Give the listing again exactly, omitting its images.

* [Provided records]:

____________

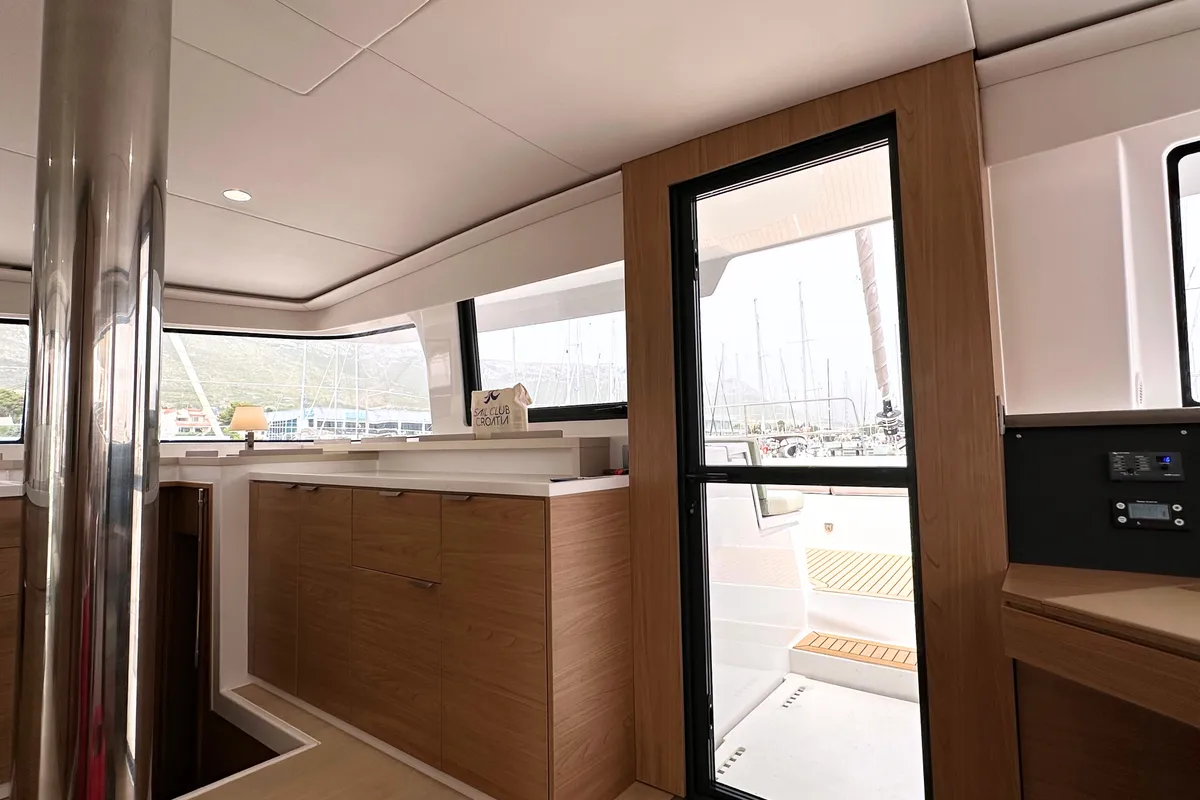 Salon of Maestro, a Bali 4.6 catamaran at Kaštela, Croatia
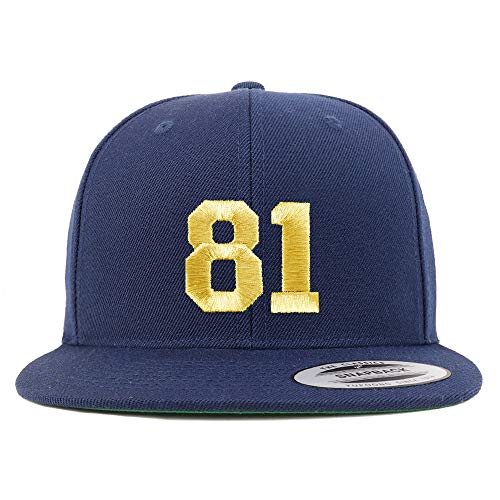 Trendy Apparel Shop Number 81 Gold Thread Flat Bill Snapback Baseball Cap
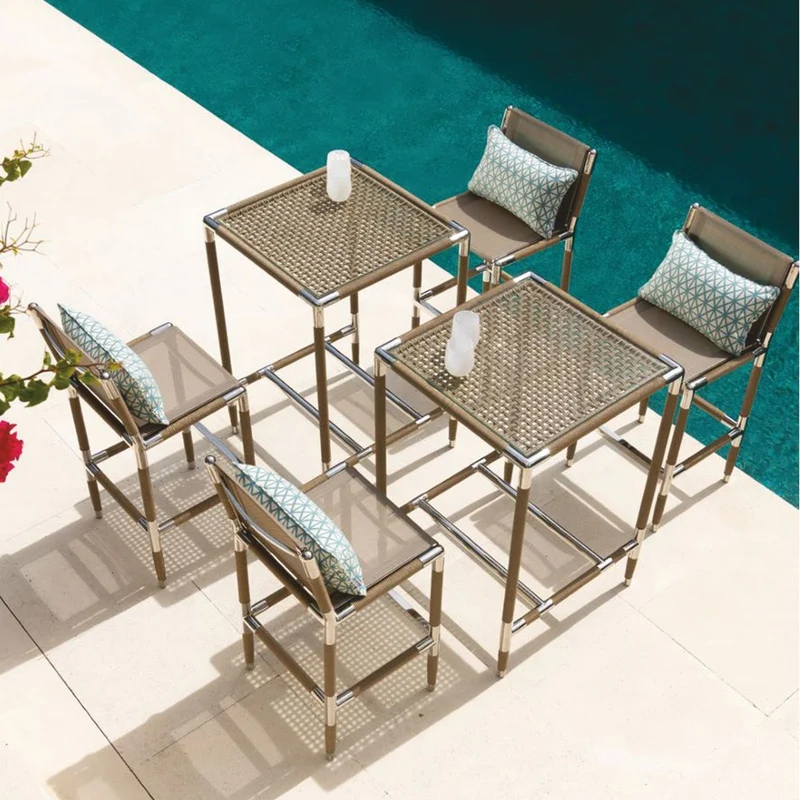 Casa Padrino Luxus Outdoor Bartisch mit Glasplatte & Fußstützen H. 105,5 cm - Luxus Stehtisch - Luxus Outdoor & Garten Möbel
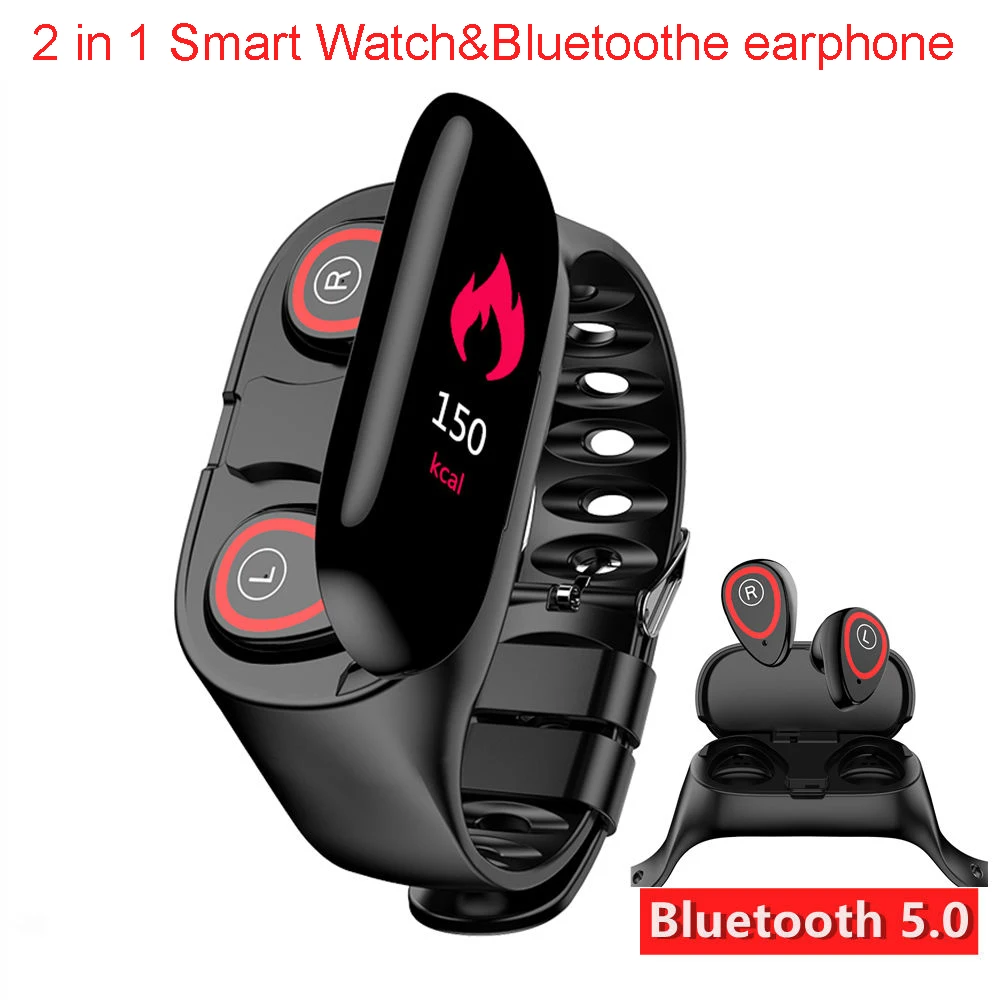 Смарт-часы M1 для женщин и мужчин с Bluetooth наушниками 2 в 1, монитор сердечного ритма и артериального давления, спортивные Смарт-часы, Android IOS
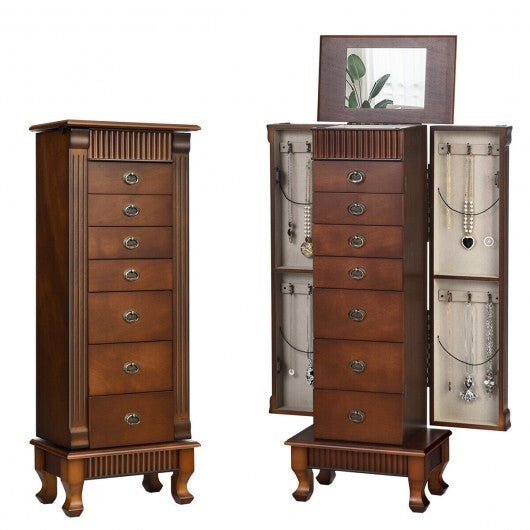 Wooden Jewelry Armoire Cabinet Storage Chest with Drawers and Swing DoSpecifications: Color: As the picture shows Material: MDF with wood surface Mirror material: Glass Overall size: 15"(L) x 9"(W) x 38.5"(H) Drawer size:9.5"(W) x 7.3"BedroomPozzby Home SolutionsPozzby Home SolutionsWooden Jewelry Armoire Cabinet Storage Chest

____________

* [Answer box]:
 Salon of Maestro, a Bali 4.6 catamaran at Kaštela, Croatia
 Trendy Apparel Shop Number 81 Gold Thread Flat Bill Snapback Baseball Cap
 Casa Padrino Luxus Outdoor Bartisch mit Glasplatte & Fußstützen H. 105,5 cm - Luxus Stehtisch - Luxus Outdoor & Garten Möbel
 Смарт-часы M1 для женщин и мужчин с Bluetooth наушниками 2 в 1, монитор сердечного ритма и артериального давления, спортивные Смарт-часы, Android IOS
 Wooden Jewelry Armoire Cabinet Storage Chest with Drawers and Swing DoSpecifications: Color: As the picture shows Material: MDF with wood surface Mirror material: Glass Overall size: 15"(L) x 9"(W) x 38.5"(H) Drawer size:9.5"(W) x 7.3"BedroomPozzby Home SolutionsPozzby Home SolutionsWooden Jewelry Armoire Cabinet Storage Chest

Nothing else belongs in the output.